**Task description**
Pictures stay out of the copy, which must hold exactly the lines from the one containing "Silver drop earrings" through the end of the material below.

Information provided Start Marker

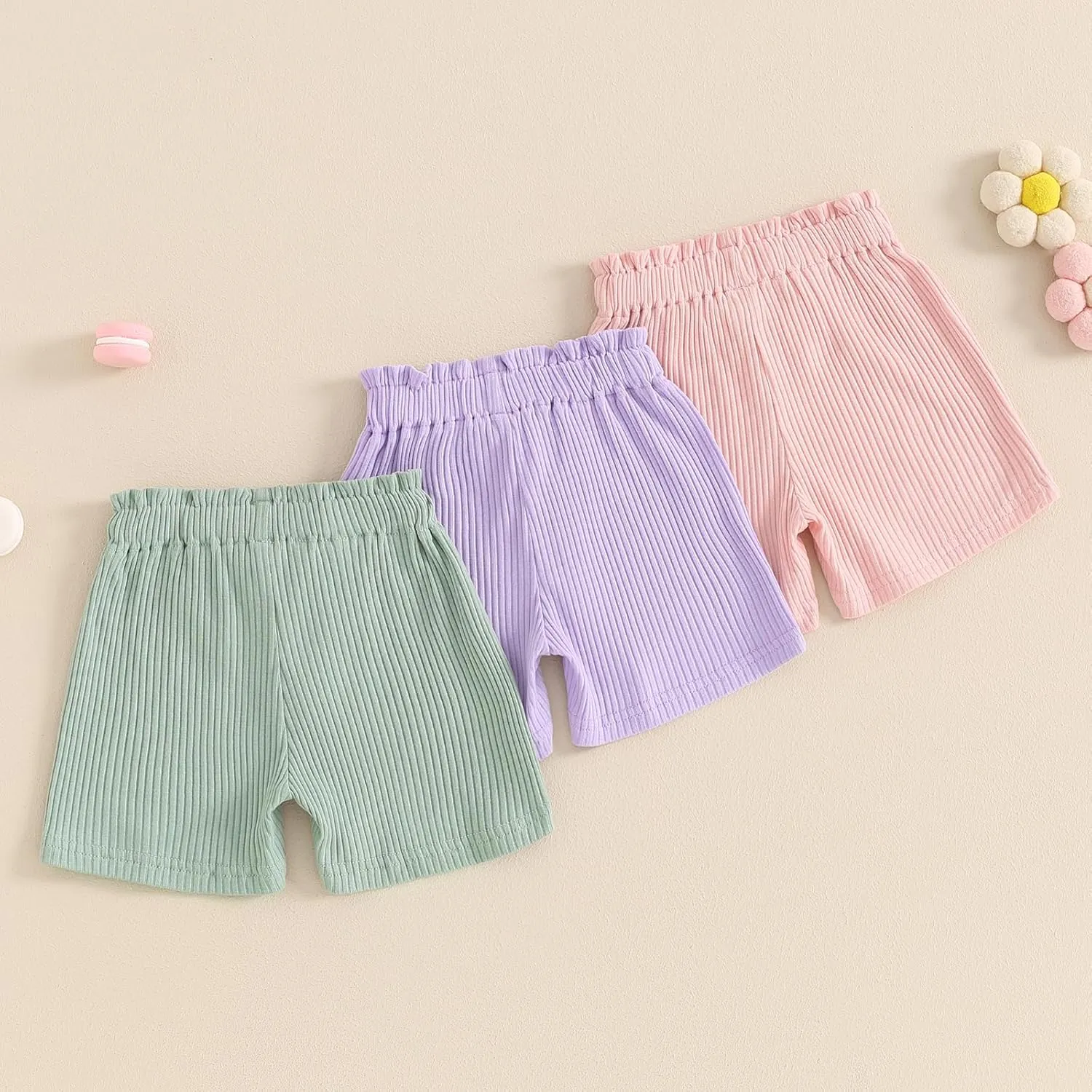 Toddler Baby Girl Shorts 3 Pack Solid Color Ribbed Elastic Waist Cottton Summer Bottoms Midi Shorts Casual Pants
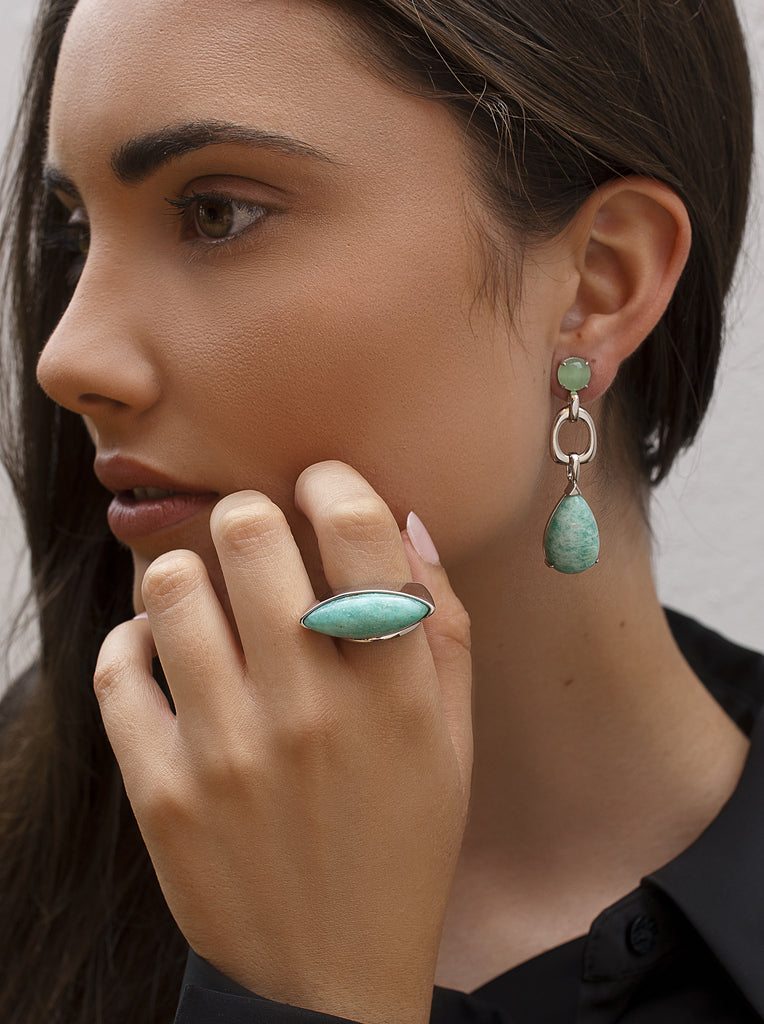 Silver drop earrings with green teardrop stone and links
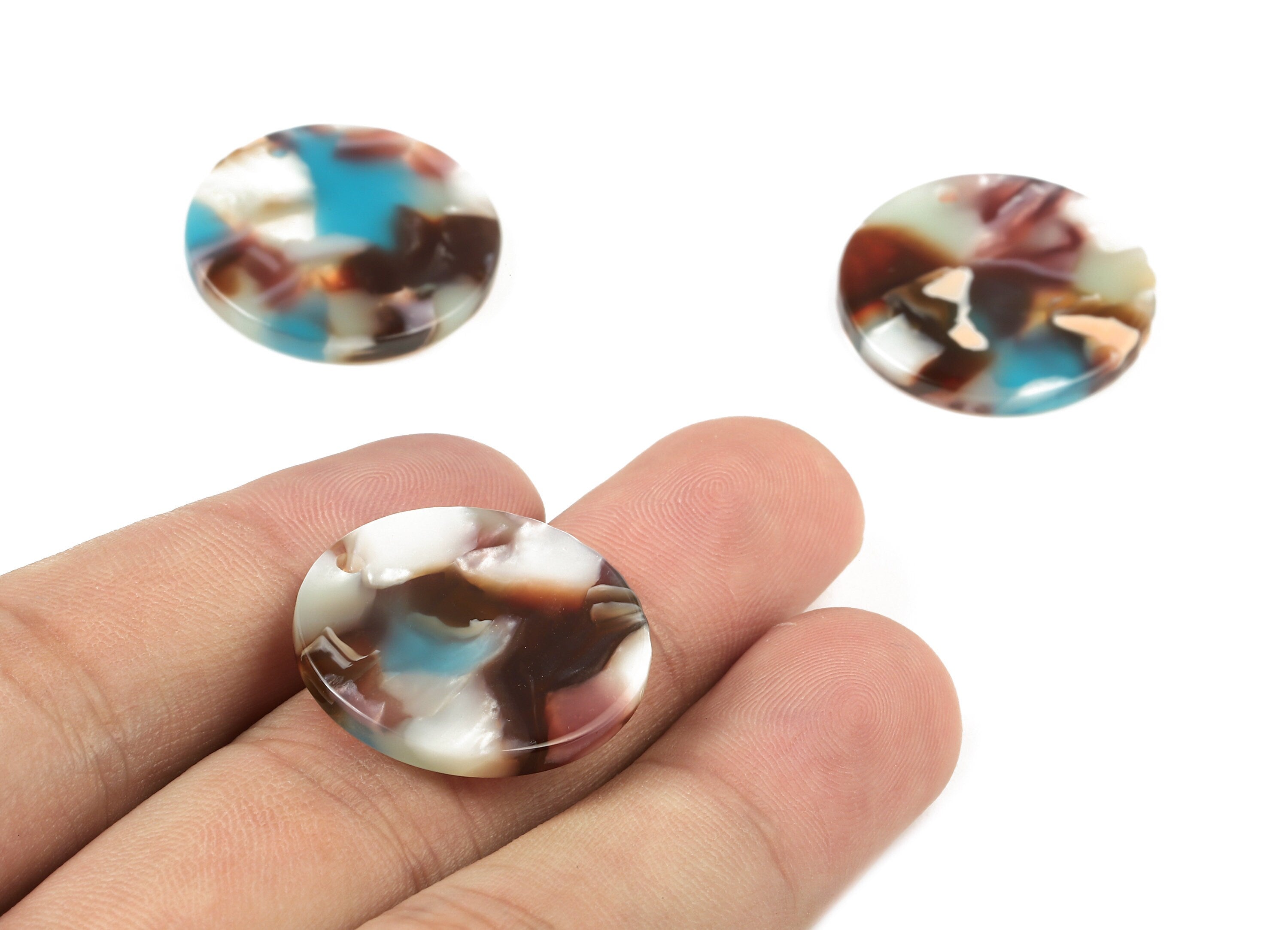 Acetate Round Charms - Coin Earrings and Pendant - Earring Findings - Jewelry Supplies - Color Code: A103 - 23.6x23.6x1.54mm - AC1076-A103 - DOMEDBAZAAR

Information provided End Marker

**Result**
 Silver drop earrings with green teardrop stone and links
 Acetate Round Charms - Coin Earrings and Pendant - Earring Findings - Jewelry Supplies - Color Code: A103 - 23.6x23.6x1.54mm - AC1076-A103 - DOMEDBAZAAR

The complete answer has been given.